Across the data below, how many lines hold "more"? Answer with that number and nothing else.

Top of Available records

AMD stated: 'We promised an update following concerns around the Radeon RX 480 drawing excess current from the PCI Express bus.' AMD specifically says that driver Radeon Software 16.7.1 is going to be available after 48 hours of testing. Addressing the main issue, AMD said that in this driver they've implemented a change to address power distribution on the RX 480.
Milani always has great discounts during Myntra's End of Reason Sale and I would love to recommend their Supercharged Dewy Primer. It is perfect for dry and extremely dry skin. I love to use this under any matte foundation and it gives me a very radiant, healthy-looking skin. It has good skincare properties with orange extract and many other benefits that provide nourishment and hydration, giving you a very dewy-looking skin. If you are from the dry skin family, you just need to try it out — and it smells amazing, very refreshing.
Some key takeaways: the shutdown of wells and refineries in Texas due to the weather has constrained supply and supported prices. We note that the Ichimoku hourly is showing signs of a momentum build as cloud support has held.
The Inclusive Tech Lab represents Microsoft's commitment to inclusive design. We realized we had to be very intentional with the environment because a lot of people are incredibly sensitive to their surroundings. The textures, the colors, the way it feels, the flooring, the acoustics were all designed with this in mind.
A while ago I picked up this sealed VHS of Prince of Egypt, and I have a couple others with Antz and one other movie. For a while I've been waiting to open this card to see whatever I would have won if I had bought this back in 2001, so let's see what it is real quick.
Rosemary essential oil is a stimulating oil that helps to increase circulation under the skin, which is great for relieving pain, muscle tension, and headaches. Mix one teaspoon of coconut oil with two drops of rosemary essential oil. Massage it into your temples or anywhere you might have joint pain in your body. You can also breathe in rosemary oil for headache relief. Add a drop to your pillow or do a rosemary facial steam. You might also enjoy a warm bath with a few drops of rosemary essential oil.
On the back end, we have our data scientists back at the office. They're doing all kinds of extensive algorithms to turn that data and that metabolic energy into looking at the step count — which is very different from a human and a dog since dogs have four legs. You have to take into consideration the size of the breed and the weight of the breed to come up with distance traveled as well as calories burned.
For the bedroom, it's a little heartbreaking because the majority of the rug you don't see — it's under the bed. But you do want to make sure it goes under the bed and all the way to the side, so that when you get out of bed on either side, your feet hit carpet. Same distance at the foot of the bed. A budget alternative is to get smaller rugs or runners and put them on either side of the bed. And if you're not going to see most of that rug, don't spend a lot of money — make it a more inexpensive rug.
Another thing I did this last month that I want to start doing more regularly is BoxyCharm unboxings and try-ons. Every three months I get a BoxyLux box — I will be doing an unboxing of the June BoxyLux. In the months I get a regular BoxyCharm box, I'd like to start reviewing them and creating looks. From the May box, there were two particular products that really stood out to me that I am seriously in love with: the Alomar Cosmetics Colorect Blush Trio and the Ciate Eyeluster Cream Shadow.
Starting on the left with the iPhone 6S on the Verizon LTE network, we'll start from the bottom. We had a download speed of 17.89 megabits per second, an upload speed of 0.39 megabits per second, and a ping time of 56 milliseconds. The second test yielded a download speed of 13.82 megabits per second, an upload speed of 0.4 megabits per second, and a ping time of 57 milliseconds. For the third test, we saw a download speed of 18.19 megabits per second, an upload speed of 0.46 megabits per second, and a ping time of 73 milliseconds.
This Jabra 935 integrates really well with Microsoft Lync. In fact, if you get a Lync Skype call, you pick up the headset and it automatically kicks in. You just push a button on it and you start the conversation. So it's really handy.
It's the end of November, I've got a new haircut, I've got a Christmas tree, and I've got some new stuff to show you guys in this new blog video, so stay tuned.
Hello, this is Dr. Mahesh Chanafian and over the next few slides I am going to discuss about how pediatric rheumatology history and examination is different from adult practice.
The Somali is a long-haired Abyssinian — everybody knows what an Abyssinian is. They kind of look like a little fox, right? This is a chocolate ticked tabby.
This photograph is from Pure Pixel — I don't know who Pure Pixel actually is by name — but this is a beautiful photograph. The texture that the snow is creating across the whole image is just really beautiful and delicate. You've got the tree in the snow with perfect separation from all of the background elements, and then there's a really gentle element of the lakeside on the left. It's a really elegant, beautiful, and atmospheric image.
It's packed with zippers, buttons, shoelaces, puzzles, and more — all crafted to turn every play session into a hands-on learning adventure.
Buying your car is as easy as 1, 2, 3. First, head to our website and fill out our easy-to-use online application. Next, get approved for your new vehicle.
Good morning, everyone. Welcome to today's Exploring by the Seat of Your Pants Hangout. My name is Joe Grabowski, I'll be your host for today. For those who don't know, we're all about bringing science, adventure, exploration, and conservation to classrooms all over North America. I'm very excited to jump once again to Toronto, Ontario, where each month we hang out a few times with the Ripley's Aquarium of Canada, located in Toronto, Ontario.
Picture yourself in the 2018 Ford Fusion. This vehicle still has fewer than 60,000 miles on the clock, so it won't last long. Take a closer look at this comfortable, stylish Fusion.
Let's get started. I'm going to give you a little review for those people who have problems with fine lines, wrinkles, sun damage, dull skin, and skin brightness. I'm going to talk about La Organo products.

Bottom of Available records

→ Response for this exercise
3